What are they made from? Share a little about the natural fibres used.
They’re made from palm leaves. There are many different types of palm trees growing in the villages where our artisans live throughout Bangladesh - especially date and coconut palms. We are committed to using natural and locally-sourced materials so it made sense to create something from palm leaves.
What about the techniques? How are these pieces crafted, and what are the special design features that ensure the desired level of quality?
They’re a combination of techniques that I researched and observed while in Bangladesh. We have used the woven matting used in the artisans homes to create the backing piece of both wall hangings. Strips of palm leaves usually used for fencing and roofing have been reinterpreted to create the fringing.
These techniques represent a move away from the techniques used in The Dharma Door’s other wall hangings - particularly macrame.What motivated you to make this change, and why is it important for the artisan groups The Dharma Door works with?

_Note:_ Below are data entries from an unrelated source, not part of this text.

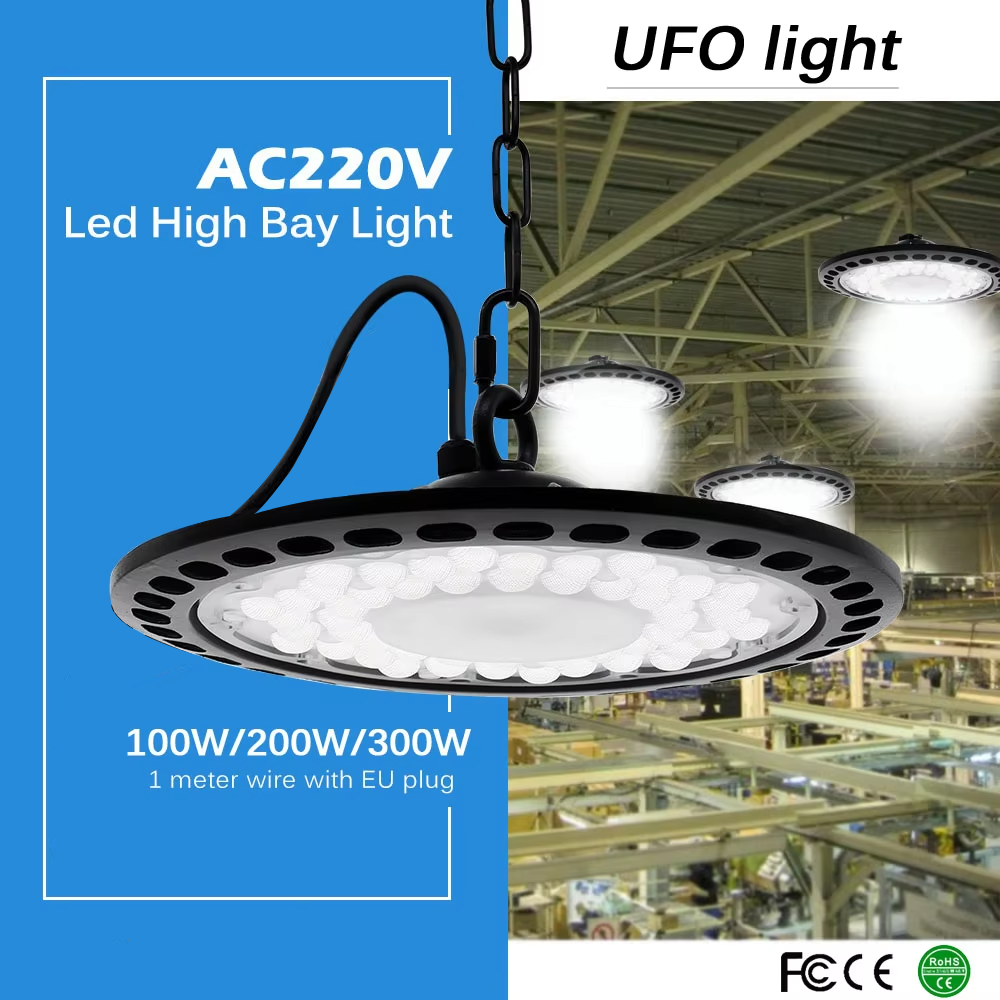 超薄型 UFO ランプ 100W200W300W ワークショップシャンデリア照明天井ランプ工場 LED ランプスタジアムランプ倉庫照明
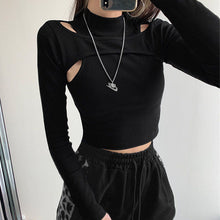 Load image into Gallery viewer, Hollow Knitted Crop Tops Women New Fitness Fake Two-piece T-shirt
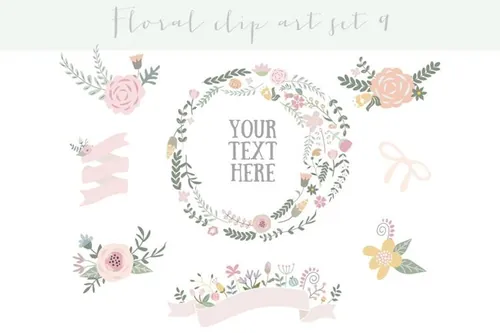 手绘花卉设计素材Floral clipart set 9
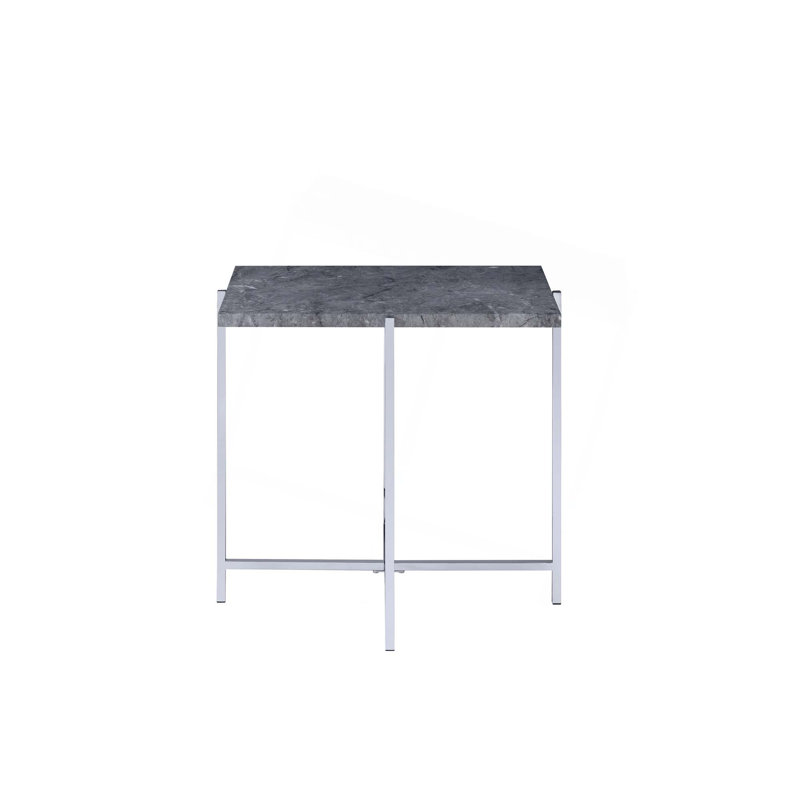 Table de bout en faux marbre et finition chromée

We have worked with a remote rural community of women artisans to craft our macrame products for several years. I am ever-mindful of creating sustainable, ongoing work for these talented women. All things come and go - macrame is something that may wane in popularity in the future, so I want to safeguard against that possibility.
I want to make sure that the women in this community are developing skills and techniques beyond macrame so we can continue to work together for many years to come. So they can continue to earn fair wages, plan for their futures and educate their children.
Who makes the new hangings? Where are they made? What does a usual workday look like?
The Tala and Amua wall hangings are made by women across three generations across several villages. These women work from home around the needs of their families and animals; their days vary depending on their stage of life and the demands of each day. Their homes are made of tin or bamboo and mud, with a small verandah at the front. They will often sit on a woven mat on the verandah to hand craft our pieces.
What do you love about these new hangings?
It’s no secret that I’m a lover of natural fibres and texture! These wall hangings also remind me of tiki huts and tropical islands - what’s not to love about those? :)
What did you enjoy the most about the process of designing them and bringing them to market?
The majority of our products are made of jute - a fibre I’ve come to know incredibly well over the last 10+ years, as we have used it extensively in our collection of products. Creatively, it was exciting to develop products using a different style, from different materials. And I love knowing that we’re challenging and stimulating the artisans - it helps to keep their work interesting.
How did you go about naming them?
We name many of our products after places in Bangladesh; Tala and Amua are both regions of a country we have come to know and love.
How do they compare to The Dharma Door’s other wall hangings?
While they have our trademark texture and natural tones, these new wall hangings have a completely different vibe to our macrame wall hangings. To me, the Tala and Amua feel bolder and stronger, yet a little more lighthearted.
And how can you see them being used to best effect?
Hinting at the current love affair with all things retro, our new wall hangings pair beautifully with plenty of plants and cane furniture. Equally, they will look stunning as a focal point in a beach house alongside natural elements such as driftwood, coral and shades of white, wood and natural. Or in a tribal luxe setting - think malawi chairs, handcrafted timber furniture and rustic walls. However people choose to incorporate them, they’re sure to make a statement!
Is there anything else you would like people to know about the Tala and Amua wall hangings?
Every wall hanging impacts a woman’s life in a significant way. The highly skilled artisans who make our wall hangings are from marginalised, remote communities in Bangladesh and we are deeply committed to them. Through good design, sustainable work and fair wages, we can all truly make a difference together.